Assignment =>
An exact transcription is needed, starting with the line that contains "2573225 Drier For" and ending with the last line of the records.

[Start of section]

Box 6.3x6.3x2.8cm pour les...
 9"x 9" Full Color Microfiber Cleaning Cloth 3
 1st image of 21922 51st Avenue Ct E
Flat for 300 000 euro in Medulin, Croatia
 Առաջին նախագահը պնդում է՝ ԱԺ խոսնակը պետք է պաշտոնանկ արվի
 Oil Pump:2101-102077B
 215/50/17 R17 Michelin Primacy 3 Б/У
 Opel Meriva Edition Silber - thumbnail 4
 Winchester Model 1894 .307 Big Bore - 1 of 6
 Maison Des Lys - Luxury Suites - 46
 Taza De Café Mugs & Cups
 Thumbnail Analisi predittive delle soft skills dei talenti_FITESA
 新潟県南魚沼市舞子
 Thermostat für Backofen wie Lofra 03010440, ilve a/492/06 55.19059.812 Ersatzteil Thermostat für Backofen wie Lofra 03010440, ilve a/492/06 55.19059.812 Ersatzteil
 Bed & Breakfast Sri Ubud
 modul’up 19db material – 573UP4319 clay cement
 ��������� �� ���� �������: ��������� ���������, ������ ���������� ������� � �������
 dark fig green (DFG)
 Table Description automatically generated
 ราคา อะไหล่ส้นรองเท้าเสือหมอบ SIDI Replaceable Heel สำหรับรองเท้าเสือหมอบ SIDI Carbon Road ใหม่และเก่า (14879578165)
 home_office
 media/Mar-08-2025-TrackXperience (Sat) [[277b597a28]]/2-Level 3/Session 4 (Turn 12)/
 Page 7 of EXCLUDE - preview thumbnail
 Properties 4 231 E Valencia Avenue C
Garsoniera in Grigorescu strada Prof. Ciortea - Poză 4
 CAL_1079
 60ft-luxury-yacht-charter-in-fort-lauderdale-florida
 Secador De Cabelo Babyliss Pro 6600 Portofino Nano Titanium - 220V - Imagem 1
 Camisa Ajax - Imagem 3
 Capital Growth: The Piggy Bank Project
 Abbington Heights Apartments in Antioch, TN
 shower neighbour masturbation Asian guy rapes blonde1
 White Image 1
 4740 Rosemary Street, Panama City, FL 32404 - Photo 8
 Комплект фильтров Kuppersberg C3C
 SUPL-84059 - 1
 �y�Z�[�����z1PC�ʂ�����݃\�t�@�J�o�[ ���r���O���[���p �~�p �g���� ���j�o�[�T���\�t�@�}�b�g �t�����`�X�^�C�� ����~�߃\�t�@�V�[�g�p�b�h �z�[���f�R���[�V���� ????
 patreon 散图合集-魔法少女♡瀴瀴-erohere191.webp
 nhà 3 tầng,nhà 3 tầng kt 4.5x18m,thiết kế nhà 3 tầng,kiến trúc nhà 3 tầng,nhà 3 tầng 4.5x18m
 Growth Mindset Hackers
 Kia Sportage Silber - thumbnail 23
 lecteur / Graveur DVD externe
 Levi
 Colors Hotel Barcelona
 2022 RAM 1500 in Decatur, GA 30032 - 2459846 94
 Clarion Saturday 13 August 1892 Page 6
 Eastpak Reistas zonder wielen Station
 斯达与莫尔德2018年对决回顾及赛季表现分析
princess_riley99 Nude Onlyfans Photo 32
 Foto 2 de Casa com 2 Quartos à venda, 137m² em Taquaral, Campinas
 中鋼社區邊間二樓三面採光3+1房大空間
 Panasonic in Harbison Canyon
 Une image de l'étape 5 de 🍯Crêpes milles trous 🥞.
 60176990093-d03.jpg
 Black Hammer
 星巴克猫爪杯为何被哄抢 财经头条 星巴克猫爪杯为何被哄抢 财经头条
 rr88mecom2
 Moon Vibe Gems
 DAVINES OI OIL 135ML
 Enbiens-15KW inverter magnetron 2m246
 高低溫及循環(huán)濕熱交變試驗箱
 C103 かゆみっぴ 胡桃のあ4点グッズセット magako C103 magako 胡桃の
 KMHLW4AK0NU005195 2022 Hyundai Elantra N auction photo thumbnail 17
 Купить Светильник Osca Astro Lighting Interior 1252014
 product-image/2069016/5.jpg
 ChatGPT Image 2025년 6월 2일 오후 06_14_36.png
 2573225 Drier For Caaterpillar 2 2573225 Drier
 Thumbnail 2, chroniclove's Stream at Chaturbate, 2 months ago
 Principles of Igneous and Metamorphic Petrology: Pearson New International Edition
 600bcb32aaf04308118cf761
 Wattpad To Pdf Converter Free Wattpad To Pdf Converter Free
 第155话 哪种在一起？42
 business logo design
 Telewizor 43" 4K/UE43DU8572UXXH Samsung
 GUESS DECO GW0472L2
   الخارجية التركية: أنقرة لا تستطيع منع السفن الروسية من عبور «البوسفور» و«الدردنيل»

[End of section]

Reply =>
 2573225 Drier For Caaterpillar 2 2573225 Drier
 Thumbnail 2, chroniclove's Stream at Chaturbate, 2 months ago
 Principles of Igneous and Metamorphic Petrology: Pearson New International Edition
 600bcb32aaf04308118cf761
 Wattpad To Pdf Converter Free Wattpad To Pdf Converter Free
 第155话 哪种在一起？42
 business logo design
 Telewizor 43" 4K/UE43DU8572UXXH Samsung
 GUESS DECO GW0472L2
   الخارجية التركية: أنقرة لا تستطيع منع السفن الروسية من عبور «البوسفور» و«الدردنيل»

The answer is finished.